Segment Open
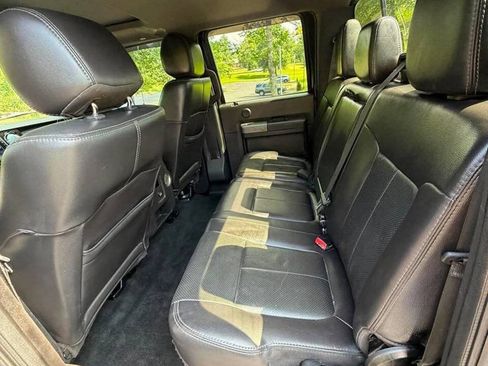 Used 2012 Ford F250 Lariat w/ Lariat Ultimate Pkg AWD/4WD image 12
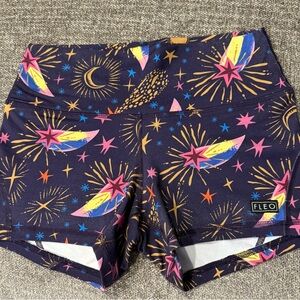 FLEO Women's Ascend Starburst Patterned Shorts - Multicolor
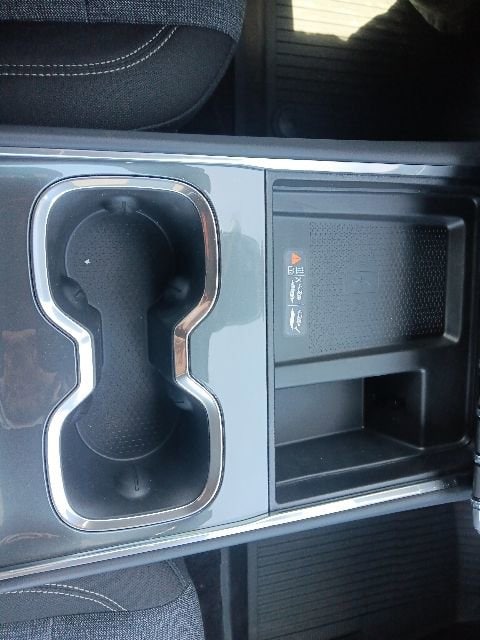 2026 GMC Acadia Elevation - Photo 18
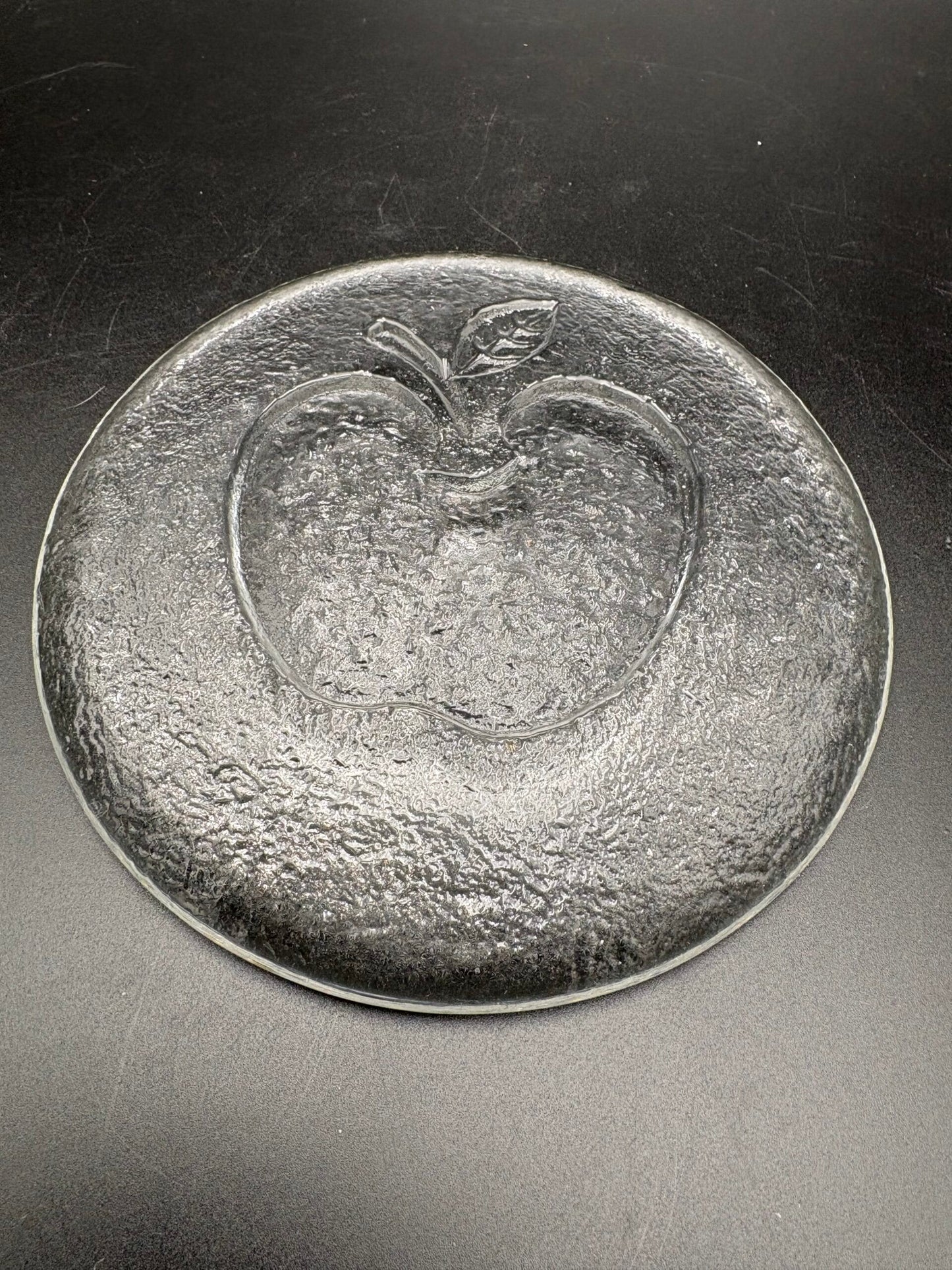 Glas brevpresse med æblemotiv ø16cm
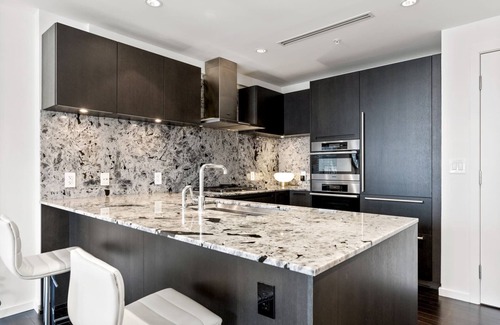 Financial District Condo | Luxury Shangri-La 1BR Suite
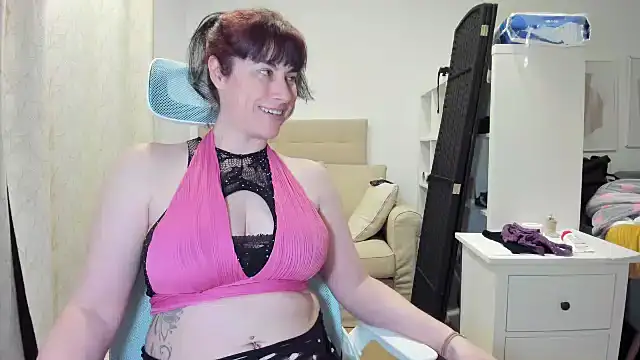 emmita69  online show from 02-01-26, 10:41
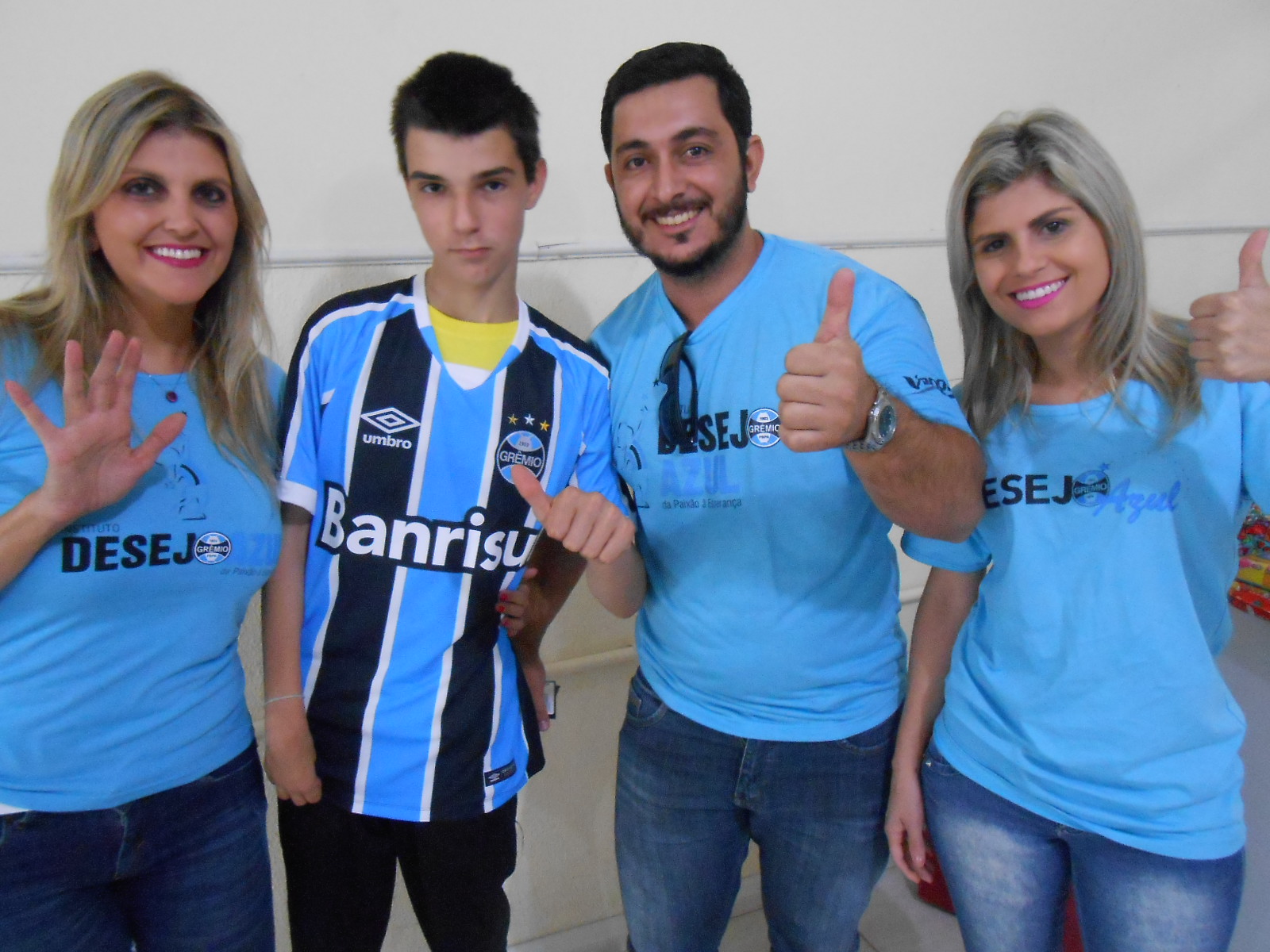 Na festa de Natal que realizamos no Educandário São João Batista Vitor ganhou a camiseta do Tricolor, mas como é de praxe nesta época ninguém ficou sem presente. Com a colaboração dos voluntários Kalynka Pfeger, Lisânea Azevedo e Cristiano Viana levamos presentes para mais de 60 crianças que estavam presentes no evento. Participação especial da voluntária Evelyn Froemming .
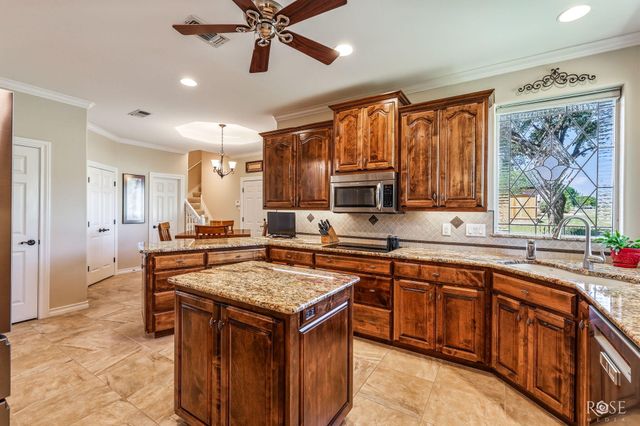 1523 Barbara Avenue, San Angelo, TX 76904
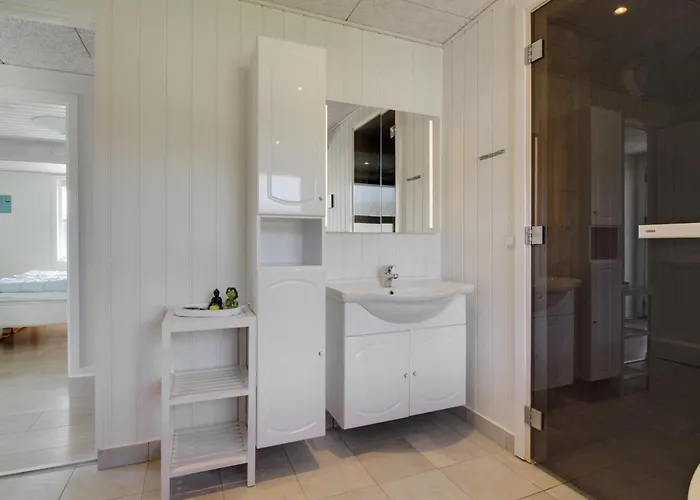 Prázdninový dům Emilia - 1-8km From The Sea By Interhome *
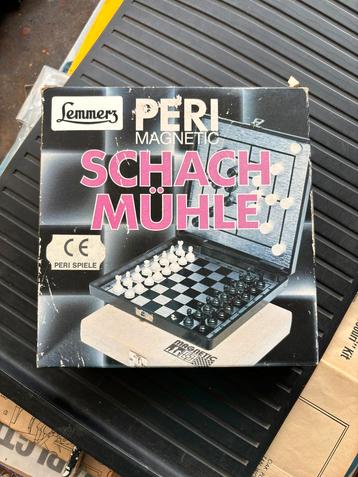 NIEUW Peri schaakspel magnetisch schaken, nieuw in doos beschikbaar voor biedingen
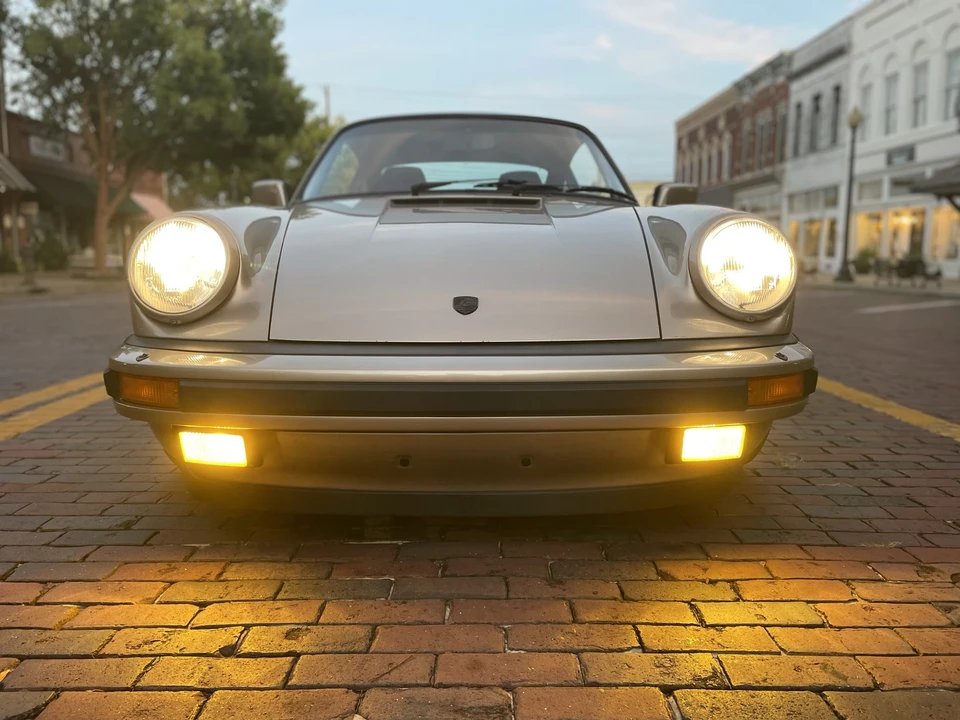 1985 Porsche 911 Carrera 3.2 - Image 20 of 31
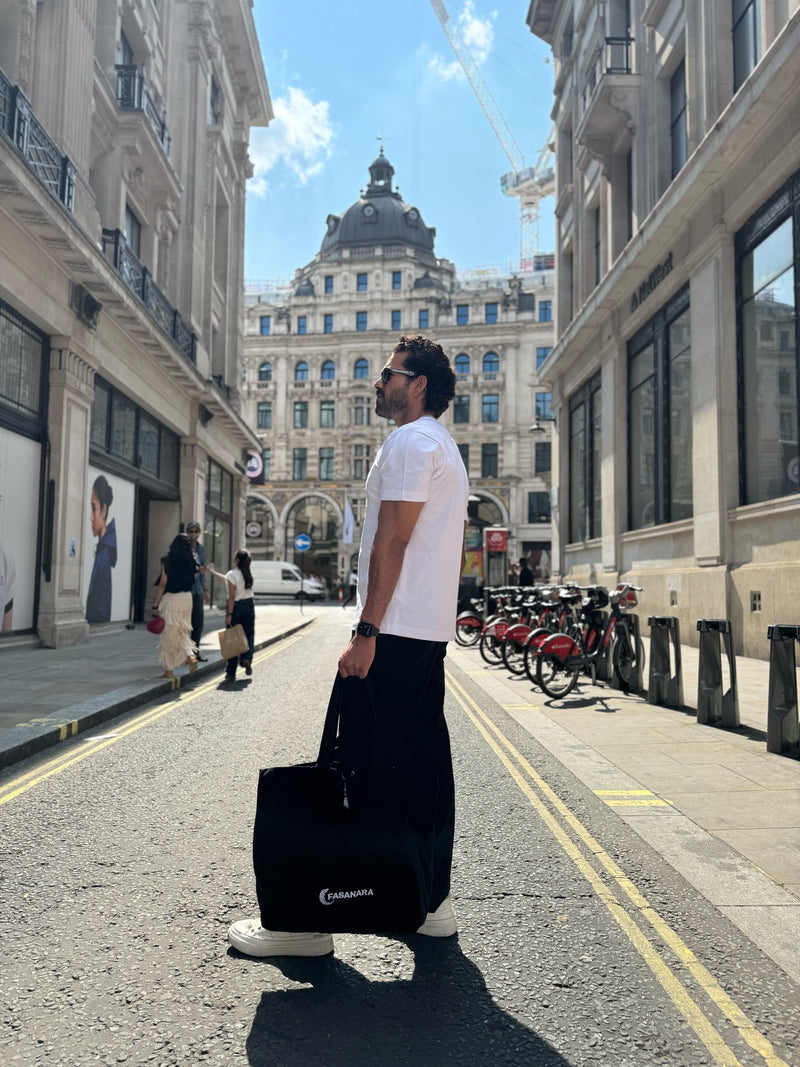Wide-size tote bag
Segment Closed
YOUR OBJECTIVE: Nothing but the records, restated word for word and stripped of images, belongs in the answer.

WRITTEN ANSWER:
 Used 2012 Ford F250 Lariat w/ Lariat Ultimate Pkg AWD/4WD image 12
 FLEO Women's Ascend Starburst Patterned Shorts - Multicolor
 2026 GMC Acadia Elevation - Photo 18
 Glas brevpresse med æblemotiv ø16cm
 Financial District Condo | Luxury Shangri-La 1BR Suite
 emmita69  online show from 02-01-26, 10:41
 Na festa de Natal que realizamos no Educandário São João Batista Vitor ganhou a camiseta do Tricolor, mas como é de praxe nesta época ninguém ficou sem presente. Com a colaboração dos voluntários Kalynka Pfeger, Lisânea Azevedo e Cristiano Viana levamos presentes para mais de 60 crianças que estavam presentes no evento. Participação especial da voluntária Evelyn Froemming .
 1523 Barbara Avenue, San Angelo, TX 76904
 Prázdninový dům Emilia - 1-8km From The Sea By Interhome *
 NIEUW Peri schaakspel magnetisch schaken, nieuw in doos beschikbaar voor biedingen
 1985 Porsche 911 Carrera 3.2 - Image 20 of 31
Wide-size tote bag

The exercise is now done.